SAN SALVADOR, (Reuters) – Salvadoran President Nayib Bukele yesterday signed into law a bill to slash the country’s 262 municipalities to just 44, a move the government says will cut spending but that the opposition decries as a power grab.
El Salvador’s Congress passed the bill late on Tuesday with 67 votes in favor and 15 against.
Ruling party deputies, who hold a majority in Congress, said the move will trim public spending, generate more investment and help fight corruption – which Bukele vowed to do this month.
The new municipalities are set to be governed in 14 departments.
“This seeks to generate a more equitable distribution of wealth, which will be converted into opportunities for the Salvadoran people, improving their quality of life,” said Elisa Rosales, a deputy from the ruling New Ideas party.

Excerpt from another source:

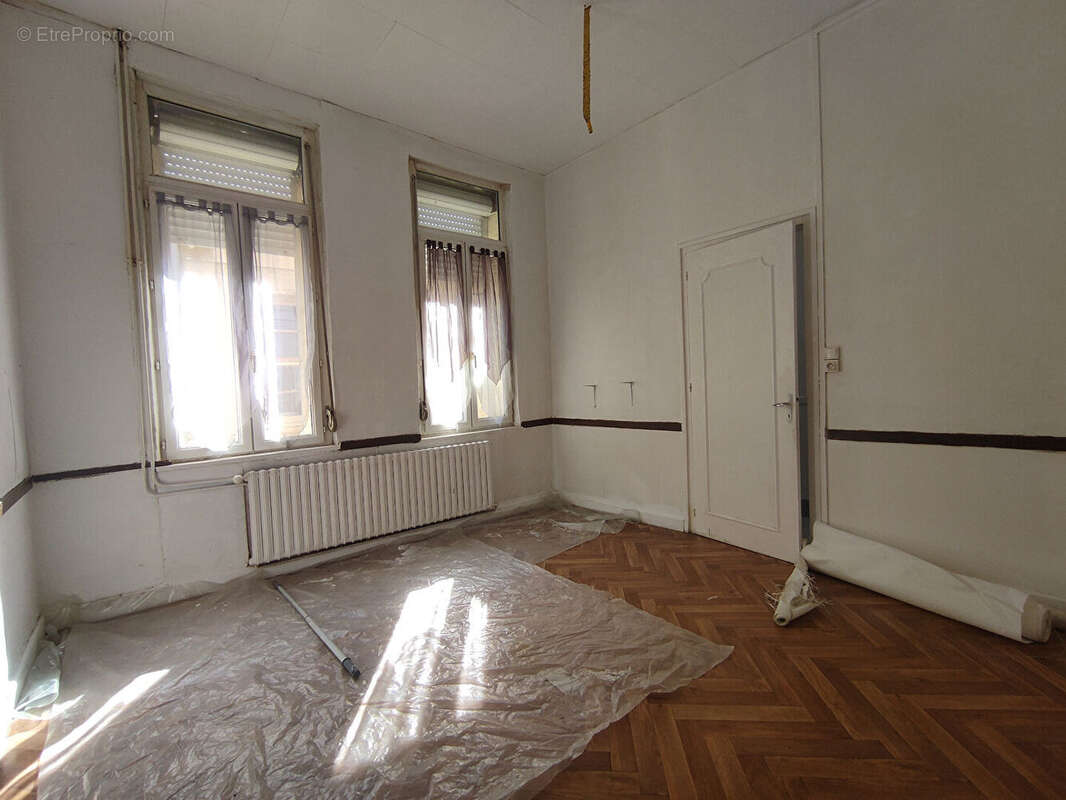 Maison à BOHAIN-EN-VERMANDOIS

Government estimates peg annual savings at $250 million from when it comes into force on May 1, 2024. Under the law, the smaller localities would not lose their cultural identity, traditions, or administrative offices.
Opposition lawmakers, however, say the move looks to centralize power, increase bureaucracy for project development and reduce the municipalities’ autonomous resource management.

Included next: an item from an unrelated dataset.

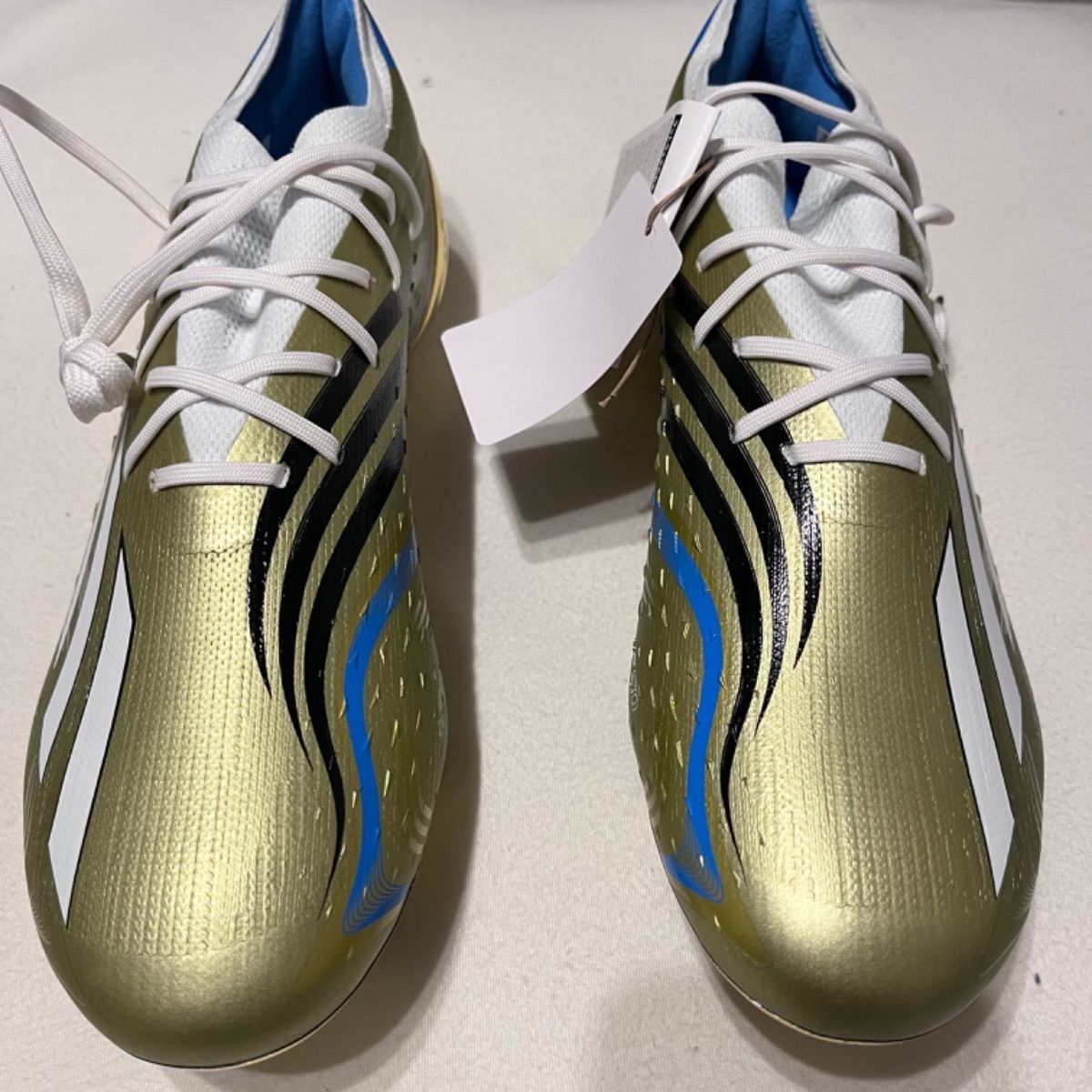 エックス スピードポータル LEYENDA.1 FG 25cm メッシスパイク スニダンで取扱中｜adidas X Speedportal Leyenda.1 FG 2022年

“This measure seeks only to concentrate power,” said right-wing Nationalist Republican Alliance (ARENA) Deputy Cesar Reyes, adding the ruling party was looking to gain an electoral advantage.
El Salvador is set to hold general elections in February 2024 and local elections the following month. Polls give a strong preference to Bukele’s New Ideas.
Last week, Congress passed another bill to cut the number of lawmakers to 60 from 84. This measure is also set to come into effect after the 2024 elections.